■ DATA:
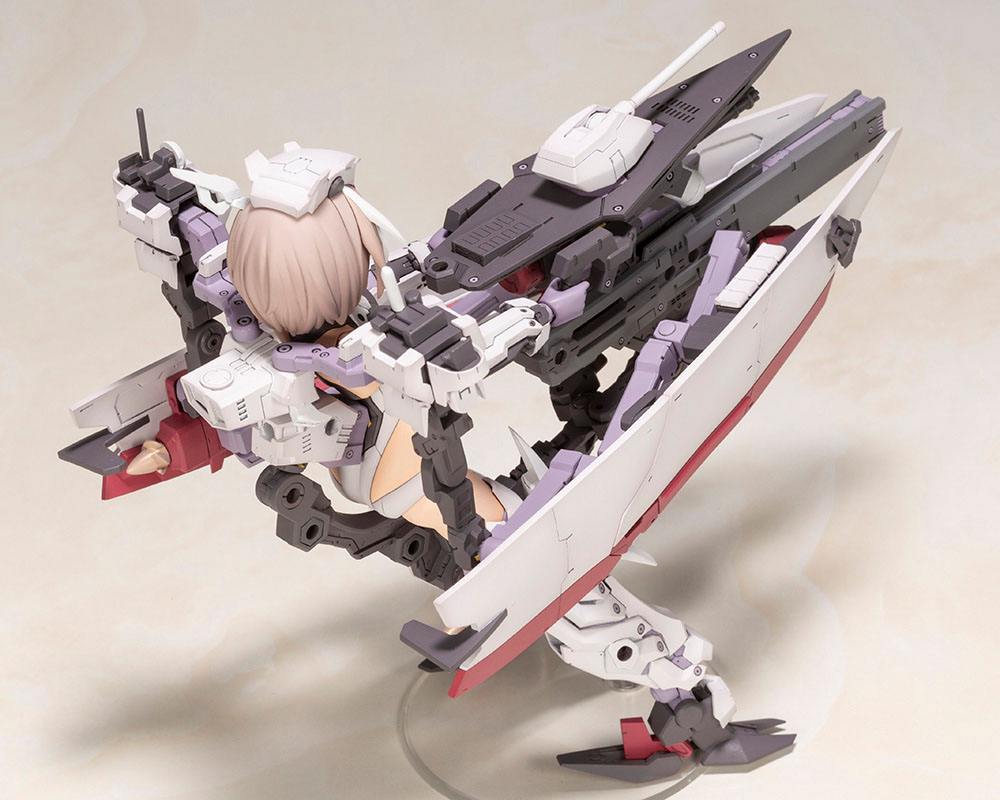 Descubre el apasionante mundo de Maqueta Frame Arms Girl Kongo 16 cm.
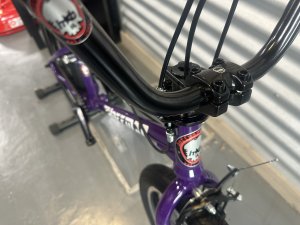 画像3: Hoffman Condor [21"TT] Purple/Black (3)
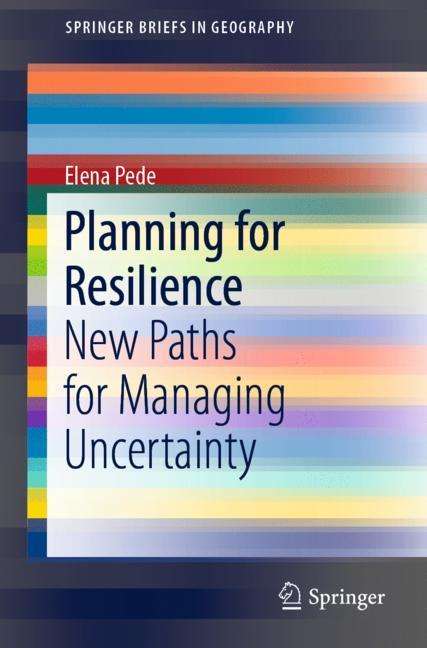 Elena Pede: Planning for Resilience, Buch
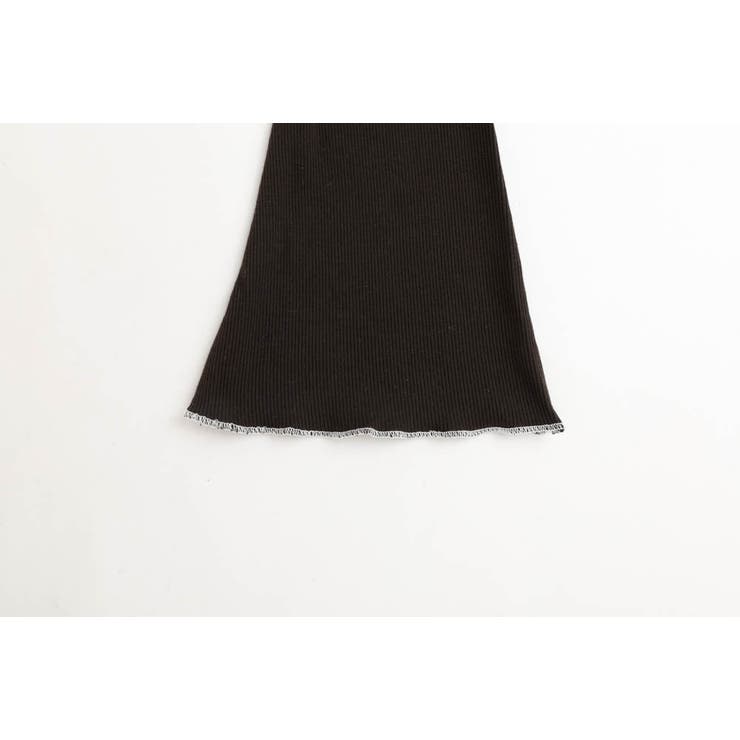 【伸縮性・保温性バツグン】リブカットソーフレアレギンスパンツ | URBAN CHERRY | 詳細画像21 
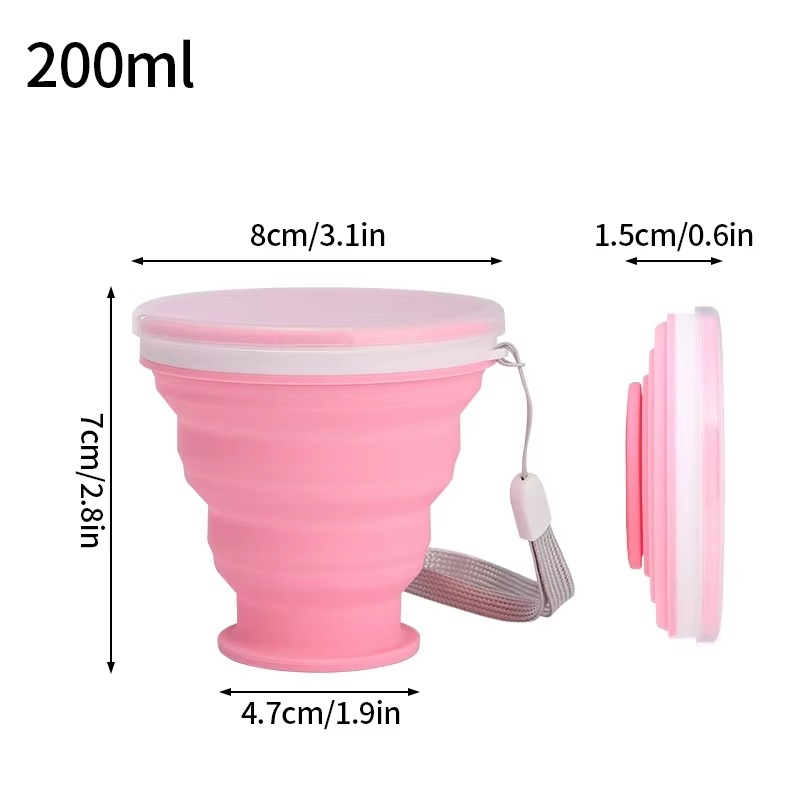 Tokyo Mart Silicone Travel Mug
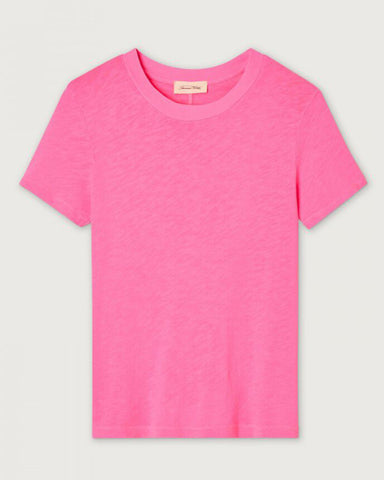 Sonoma Crew Tee Pink Acid Fluo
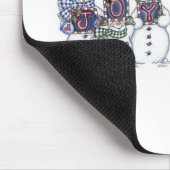 Tapis De Souris Snowman Souse Pad (Coin)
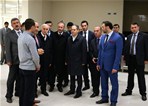 Gençlik ve Spor Bakanı Akif Çağatay Kılıç, Samsun'un Vezirköprü ilçesinde bulunan tesis ve yurtları ziyaret etti.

■ ABOUT THIS EXERCISE: Quote the records above exactly, from the first line through the line containing "Tapis De Souris Snowman Souse Pad (Coin)", and leave out the pictures.

■ WRITTEN ANSWER:
 Descubre el apasionante mundo de Maqueta Frame Arms Girl Kongo 16 cm.
 画像3: Hoffman Condor [21"TT] Purple/Black (3)
 Elena Pede: Planning for Resilience, Buch
 【伸縮性・保温性バツグン】リブカットソーフレアレギンスパンツ | URBAN CHERRY | 詳細画像21 
 Tokyo Mart Silicone Travel Mug
 Sonoma Crew Tee Pink Acid Fluo
 Tapis De Souris Snowman Souse Pad (Coin)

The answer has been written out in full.